Provided entries:

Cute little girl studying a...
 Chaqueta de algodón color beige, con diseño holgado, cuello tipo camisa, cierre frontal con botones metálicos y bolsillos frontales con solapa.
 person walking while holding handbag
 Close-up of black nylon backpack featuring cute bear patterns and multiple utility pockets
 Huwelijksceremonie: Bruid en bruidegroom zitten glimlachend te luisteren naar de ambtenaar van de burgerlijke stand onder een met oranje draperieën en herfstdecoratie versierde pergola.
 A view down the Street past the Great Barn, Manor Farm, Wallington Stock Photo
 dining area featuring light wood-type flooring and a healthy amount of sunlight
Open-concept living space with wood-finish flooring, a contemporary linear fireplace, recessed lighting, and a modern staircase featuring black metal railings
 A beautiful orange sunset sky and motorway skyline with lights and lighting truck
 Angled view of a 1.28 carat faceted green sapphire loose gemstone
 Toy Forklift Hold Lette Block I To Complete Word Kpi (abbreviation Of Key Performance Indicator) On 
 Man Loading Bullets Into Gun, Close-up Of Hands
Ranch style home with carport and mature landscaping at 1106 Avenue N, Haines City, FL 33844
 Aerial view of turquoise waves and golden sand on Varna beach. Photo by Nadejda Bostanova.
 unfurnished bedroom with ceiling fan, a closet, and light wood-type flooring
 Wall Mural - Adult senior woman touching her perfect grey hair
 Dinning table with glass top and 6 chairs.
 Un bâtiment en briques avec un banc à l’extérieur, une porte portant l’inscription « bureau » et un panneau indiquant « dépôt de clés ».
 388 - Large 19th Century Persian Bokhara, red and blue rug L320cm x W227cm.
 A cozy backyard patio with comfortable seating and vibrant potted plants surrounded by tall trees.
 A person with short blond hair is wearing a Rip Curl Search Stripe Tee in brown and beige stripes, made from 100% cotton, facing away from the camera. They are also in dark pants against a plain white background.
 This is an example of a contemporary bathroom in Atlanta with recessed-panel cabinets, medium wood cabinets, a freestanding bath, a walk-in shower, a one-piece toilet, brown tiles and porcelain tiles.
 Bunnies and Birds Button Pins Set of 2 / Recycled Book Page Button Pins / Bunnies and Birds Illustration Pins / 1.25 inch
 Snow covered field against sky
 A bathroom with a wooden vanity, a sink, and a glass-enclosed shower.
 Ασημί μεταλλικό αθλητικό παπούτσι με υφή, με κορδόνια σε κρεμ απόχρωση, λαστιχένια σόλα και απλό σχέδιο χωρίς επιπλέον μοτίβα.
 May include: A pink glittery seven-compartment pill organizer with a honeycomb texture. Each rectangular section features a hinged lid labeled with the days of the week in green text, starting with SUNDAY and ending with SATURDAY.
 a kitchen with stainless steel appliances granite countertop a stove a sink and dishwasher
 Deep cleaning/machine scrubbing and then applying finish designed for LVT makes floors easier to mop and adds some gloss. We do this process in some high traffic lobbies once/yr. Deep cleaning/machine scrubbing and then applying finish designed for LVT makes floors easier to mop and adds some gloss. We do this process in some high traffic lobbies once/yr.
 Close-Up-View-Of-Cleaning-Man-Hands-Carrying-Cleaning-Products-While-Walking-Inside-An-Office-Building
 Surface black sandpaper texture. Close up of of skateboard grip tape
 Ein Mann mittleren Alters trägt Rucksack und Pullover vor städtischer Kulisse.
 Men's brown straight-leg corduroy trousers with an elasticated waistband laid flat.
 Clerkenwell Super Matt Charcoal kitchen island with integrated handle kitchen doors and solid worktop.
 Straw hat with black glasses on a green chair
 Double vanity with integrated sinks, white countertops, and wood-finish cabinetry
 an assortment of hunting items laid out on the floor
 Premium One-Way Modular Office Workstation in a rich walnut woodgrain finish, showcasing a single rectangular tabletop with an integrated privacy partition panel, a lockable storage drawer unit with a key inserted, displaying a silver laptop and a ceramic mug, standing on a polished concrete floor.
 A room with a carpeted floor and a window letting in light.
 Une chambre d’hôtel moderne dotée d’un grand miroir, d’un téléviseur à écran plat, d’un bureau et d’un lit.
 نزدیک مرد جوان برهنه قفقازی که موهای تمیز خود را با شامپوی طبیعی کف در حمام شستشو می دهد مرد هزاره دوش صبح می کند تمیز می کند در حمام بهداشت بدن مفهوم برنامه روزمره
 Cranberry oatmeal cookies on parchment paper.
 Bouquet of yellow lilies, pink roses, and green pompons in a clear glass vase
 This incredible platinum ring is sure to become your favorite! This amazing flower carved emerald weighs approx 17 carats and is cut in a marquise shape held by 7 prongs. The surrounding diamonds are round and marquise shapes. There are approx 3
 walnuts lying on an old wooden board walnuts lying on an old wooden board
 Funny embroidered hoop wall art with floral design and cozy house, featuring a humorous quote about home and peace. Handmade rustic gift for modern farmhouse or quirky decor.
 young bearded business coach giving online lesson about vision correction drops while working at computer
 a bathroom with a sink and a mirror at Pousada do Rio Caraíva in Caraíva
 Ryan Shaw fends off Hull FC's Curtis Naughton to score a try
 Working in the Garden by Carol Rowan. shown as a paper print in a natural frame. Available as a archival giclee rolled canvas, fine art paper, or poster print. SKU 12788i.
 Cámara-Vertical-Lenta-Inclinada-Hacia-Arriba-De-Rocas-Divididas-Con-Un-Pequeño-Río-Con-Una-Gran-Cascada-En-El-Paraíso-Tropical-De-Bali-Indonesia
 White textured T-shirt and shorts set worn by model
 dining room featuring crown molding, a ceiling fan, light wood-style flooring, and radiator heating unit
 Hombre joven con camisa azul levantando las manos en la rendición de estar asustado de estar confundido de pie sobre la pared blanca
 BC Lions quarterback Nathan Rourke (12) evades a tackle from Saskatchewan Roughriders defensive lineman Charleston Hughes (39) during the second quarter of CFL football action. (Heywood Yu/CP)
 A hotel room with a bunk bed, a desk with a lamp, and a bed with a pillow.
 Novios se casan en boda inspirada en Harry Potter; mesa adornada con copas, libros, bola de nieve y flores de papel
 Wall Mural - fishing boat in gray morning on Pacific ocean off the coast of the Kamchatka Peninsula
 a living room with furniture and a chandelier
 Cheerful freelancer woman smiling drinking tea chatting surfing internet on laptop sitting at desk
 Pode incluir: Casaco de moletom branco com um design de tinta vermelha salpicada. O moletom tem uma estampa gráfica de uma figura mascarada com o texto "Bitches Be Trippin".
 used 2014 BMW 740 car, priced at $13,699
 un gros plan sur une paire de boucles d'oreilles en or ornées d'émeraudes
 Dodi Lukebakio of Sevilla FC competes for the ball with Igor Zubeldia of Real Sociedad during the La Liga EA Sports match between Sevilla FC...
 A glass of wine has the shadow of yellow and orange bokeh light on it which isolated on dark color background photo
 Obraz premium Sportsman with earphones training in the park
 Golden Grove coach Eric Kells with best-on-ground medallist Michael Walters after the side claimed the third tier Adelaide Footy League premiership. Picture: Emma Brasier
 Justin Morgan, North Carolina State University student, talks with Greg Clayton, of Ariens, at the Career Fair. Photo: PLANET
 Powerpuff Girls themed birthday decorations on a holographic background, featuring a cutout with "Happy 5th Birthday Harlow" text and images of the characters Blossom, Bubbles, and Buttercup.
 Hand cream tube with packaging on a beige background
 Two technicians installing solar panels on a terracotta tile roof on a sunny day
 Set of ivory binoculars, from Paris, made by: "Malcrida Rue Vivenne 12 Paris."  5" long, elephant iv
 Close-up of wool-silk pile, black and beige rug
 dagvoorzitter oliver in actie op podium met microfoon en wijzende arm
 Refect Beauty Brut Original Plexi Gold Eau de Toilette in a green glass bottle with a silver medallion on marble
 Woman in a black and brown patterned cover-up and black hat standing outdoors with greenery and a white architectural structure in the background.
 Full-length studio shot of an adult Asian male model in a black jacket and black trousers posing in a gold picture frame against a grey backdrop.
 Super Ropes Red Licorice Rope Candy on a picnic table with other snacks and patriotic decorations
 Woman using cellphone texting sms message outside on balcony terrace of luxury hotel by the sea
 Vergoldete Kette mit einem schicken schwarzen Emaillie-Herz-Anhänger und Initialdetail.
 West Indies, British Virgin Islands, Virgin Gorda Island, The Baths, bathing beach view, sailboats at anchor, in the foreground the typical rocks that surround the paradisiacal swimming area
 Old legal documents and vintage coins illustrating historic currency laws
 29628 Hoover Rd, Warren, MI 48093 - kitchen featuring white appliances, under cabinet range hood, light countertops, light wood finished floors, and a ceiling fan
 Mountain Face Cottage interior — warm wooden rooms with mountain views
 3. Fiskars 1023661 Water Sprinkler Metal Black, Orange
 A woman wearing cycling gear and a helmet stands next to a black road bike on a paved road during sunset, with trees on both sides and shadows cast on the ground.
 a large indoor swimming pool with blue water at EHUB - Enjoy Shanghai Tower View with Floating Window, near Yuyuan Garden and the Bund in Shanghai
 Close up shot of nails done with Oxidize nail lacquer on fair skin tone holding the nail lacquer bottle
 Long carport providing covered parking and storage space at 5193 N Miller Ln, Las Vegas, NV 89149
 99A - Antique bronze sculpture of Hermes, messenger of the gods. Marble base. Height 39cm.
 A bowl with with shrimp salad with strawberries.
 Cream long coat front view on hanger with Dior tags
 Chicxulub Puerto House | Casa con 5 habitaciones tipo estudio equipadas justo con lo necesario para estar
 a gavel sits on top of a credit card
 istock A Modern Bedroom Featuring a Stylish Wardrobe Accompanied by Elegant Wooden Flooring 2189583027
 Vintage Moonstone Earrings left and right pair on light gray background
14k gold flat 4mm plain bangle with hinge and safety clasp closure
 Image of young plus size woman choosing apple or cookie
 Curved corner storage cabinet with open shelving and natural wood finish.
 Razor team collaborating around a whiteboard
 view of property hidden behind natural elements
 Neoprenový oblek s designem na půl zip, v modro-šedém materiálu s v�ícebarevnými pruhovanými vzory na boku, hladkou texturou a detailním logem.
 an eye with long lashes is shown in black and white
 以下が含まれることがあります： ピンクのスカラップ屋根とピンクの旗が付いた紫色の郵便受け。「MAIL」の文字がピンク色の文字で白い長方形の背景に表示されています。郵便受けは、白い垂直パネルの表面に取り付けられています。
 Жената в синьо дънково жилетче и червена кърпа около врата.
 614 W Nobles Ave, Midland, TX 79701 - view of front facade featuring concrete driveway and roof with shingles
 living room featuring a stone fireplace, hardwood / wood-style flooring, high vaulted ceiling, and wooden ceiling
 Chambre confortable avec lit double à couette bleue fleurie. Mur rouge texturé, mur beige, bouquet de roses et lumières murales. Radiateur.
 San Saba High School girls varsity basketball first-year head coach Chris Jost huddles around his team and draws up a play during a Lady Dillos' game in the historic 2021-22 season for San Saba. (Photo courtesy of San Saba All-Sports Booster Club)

Assigned task:
Filter the entries above and copy only the lines that hold "recessed".

Response box:
Open-concept living space with wood-finish flooring, a contemporary linear fireplace, recessed lighting, and a modern staircase featuring black metal railings
 This is an example of a contemporary bathroom in Atlanta with recessed-panel cabinets, medium wood cabinets, a freestanding bath, a walk-in shower, a one-piece toilet, brown tiles and porcelain tiles.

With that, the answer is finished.